- Opening Delimiter -

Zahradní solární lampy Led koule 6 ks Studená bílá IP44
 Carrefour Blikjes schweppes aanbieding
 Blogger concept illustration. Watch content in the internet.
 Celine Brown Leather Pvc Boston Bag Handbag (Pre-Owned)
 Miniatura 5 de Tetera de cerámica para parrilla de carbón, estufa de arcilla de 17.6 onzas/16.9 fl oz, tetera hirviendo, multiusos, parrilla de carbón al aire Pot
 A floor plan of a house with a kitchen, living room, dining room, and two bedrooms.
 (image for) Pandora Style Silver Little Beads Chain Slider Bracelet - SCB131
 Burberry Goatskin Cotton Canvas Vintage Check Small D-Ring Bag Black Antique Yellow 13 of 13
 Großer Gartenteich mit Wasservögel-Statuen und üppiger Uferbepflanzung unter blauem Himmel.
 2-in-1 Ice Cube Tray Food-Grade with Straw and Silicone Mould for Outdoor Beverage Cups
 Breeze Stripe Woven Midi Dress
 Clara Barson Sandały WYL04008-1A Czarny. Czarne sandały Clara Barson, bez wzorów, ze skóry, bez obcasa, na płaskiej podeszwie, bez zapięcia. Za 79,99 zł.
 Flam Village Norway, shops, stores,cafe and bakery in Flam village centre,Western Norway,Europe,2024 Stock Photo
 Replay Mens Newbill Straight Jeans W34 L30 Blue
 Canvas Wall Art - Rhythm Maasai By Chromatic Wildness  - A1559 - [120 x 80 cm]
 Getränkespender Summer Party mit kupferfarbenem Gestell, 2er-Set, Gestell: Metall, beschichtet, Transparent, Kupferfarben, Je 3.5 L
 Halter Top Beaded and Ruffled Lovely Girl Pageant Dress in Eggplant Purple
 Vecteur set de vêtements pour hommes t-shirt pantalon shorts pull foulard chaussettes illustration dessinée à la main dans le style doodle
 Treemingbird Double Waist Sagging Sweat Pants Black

- Closing Delimiter -

> **EXERCISE DETAILS**:
Lines in the material above that include the string "Black" should be listed.

> **EXERCISE RESULT**:
 Burberry Goatskin Cotton Canvas Vintage Check Small D-Ring Bag Black Antique Yellow 13 of 13
 Treemingbird Double Waist Sagging Sweat Pants Black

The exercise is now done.